(Extracted data entries)
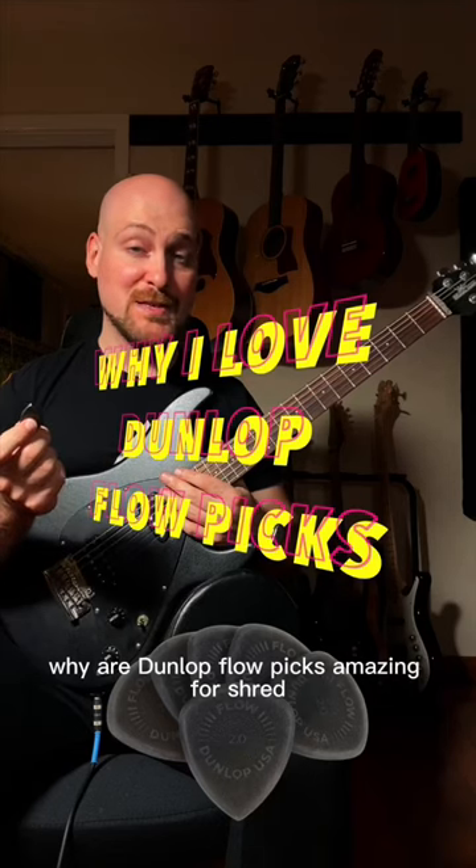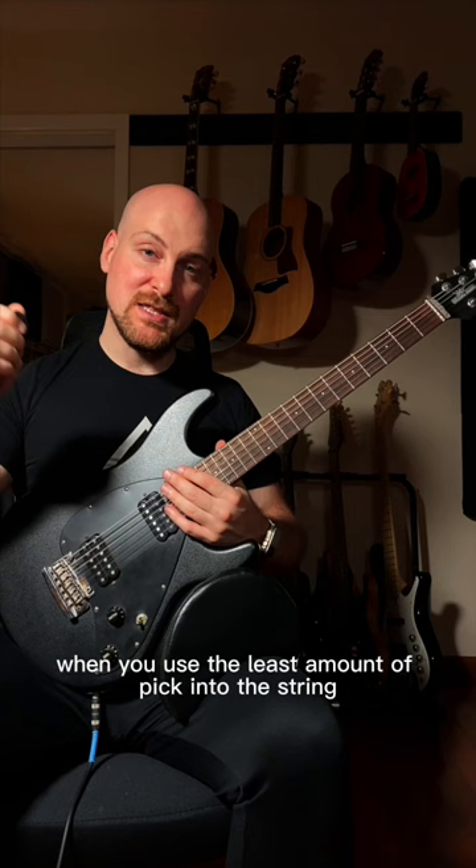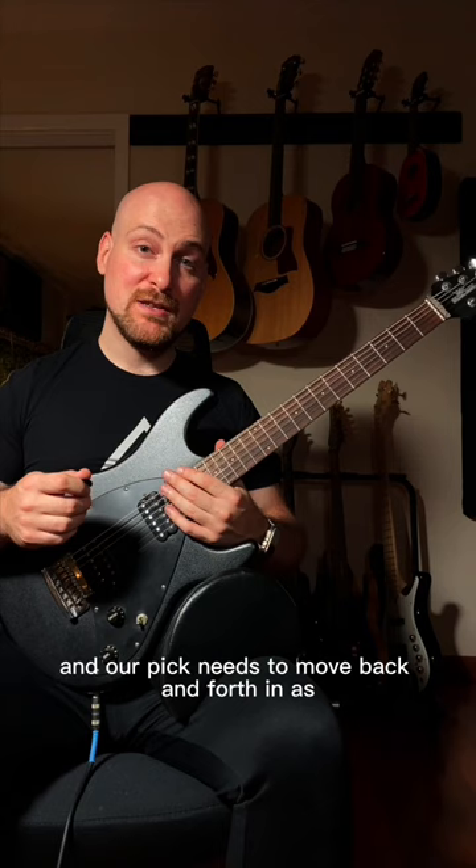Why are Dunlop Flow Picks amazing for shred? To play as fast as possible is pretty simple. We need to use the least amount of pick into the string — basically the depth of the pick is the thickness of the string — and our pick needs to move back and forth in as small of a motion as possible.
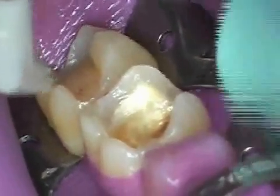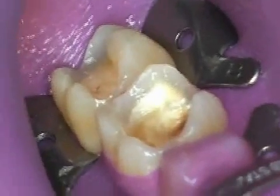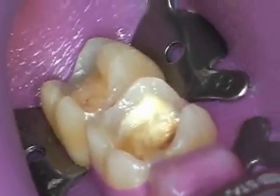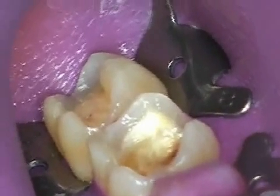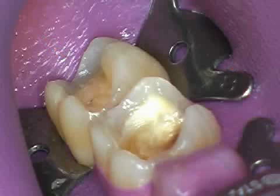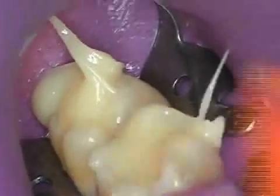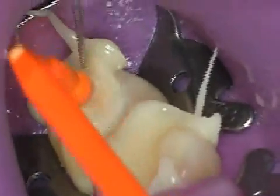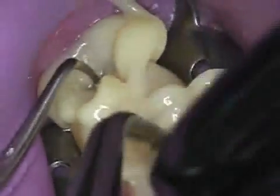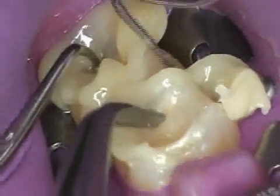You see two teeth that have been prepared for ceramic inlays. The ceramic inlays are supposed to be put in place, so the work area has been dried using a rubber dam — the violet membrane. The tooth has been cleaned and conditioned with various substances. Now the glue is applied and the ceramic inlays are positioned.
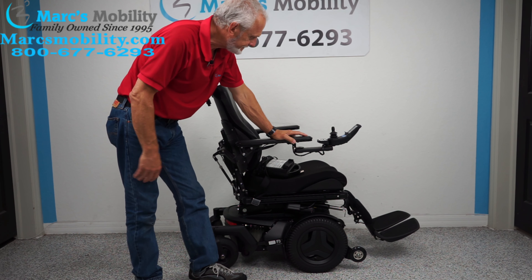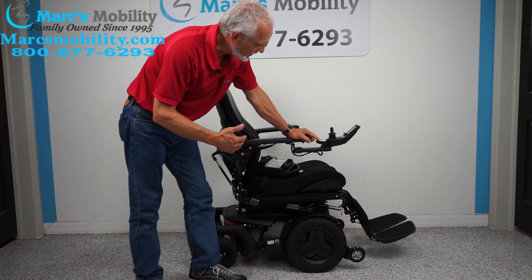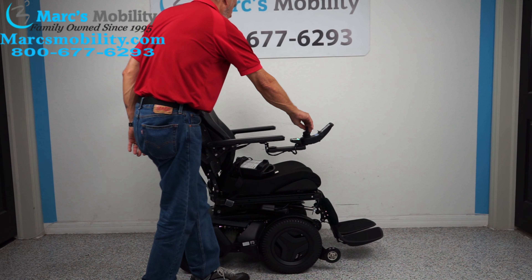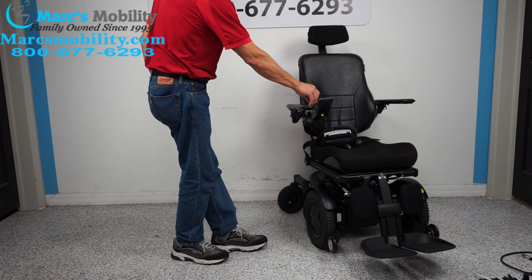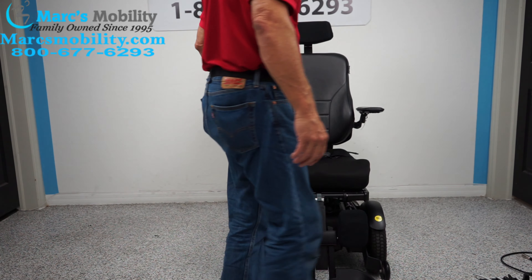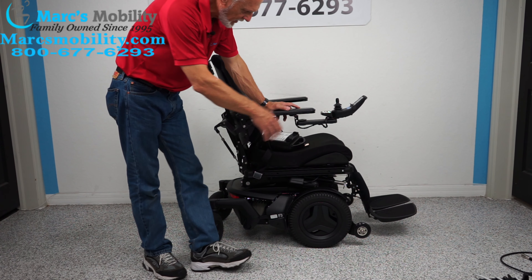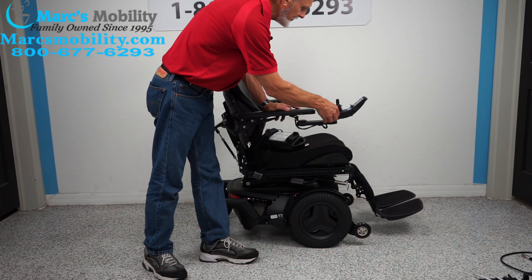We're going to turn the power back on. I'm going to bring the legs in right now. So if you're in the house, bring the legs all the way in like that, and then you can just turn in a circle. This chair will turn in a complete circle the way it is. If you're outside, leave your legs out like this for more clearance.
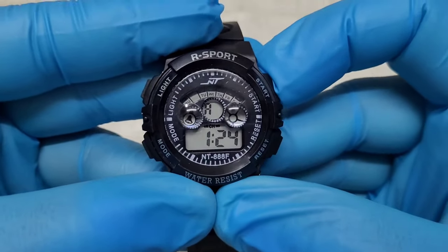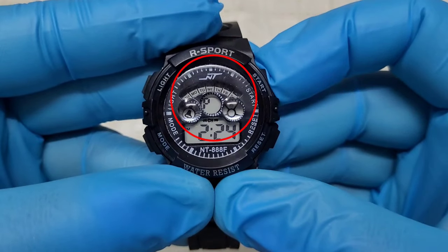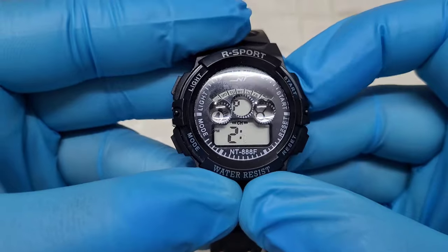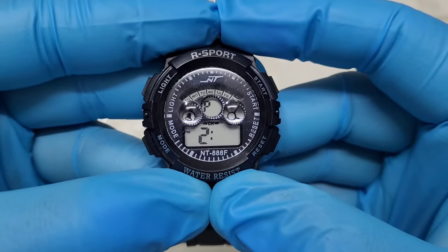Press the upper right button to set the hour for your alarm. Pay attention to A and P on the screen to know if you are setting for the morning or for the afternoon. Then press the lower right button one time, and again use the upper right button to set the minutes for your alarm.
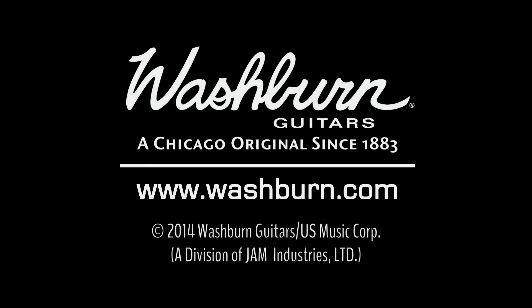So this is just a fantastic sounding guitar. For more information, visit us at washburn.com and we'll see you in the next video. Bye.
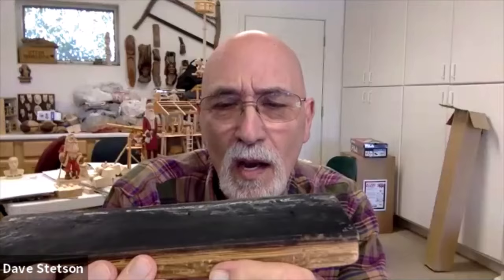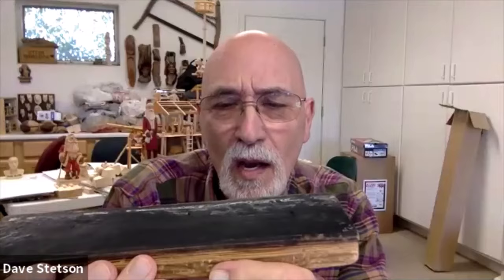About every year or two, maybe a year and a half to two years, I'll scrape as much of the buildup off as I can using an old putty knife. Then I'll go to a belt sander, flip the strop over, and resurface it just a couple of times. When I do that, I'm down to just the leather, like when it started out.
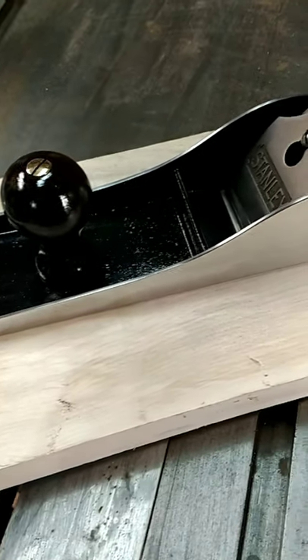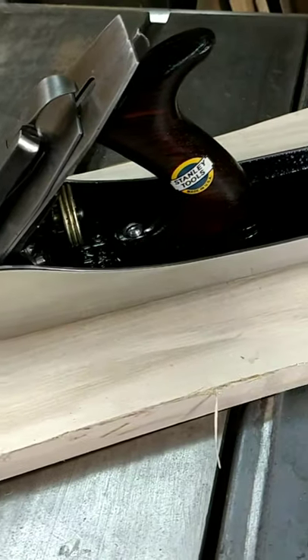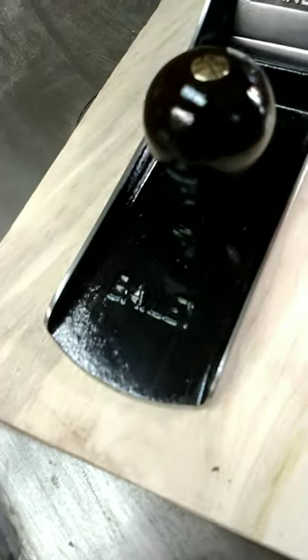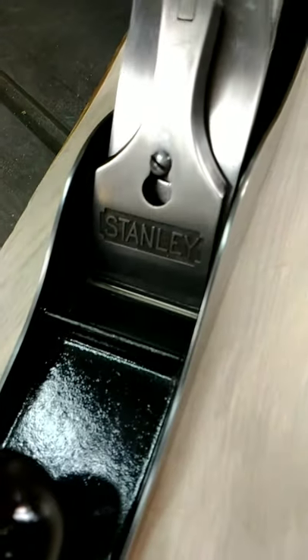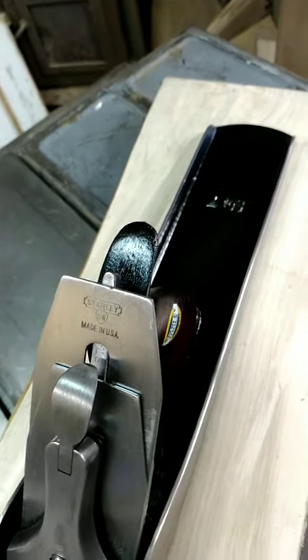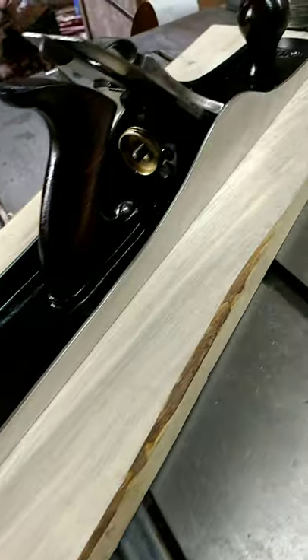Hello and welcome to Michigan Hobby Hunter. I just finished restoring this Stanley Number 7 Sweetheart Type 13. If you want to see how I did this, hit that subscribe button and ring the notification bell — this video is coming out tomorrow. You won't believe what this old girl looked like when I started.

EXERCISE GOAL: Each line from the first line of the entries through the line containing "We're going to" should be duplicated word for word, and nothing more; the pictures stay out.

EXERCISE RESPONSE:
Why are Dunlop Flow Picks amazing for shred? To play as fast as possible is pretty simple. We need to use the least amount of pick into the string — basically the depth of the pick is the thickness of the string — and our pick needs to move back and forth in as small of a motion as possible.
You see two teeth that have been prepared for ceramic inlays. The ceramic inlays are supposed to be put in place, so the work area has been dried using a rubber dam — the violet membrane. The tooth has been cleaned and conditioned with various substances. Now the glue is applied and the ceramic inlays are positioned.
We're going to turn the power back on. I'm going to bring the legs in right now. So if you're in the house, bring the legs all the way in like that, and then you can just turn in a circle. This chair will turn in a complete circle the way it is. If you're outside, leave your legs out like this for more clearance.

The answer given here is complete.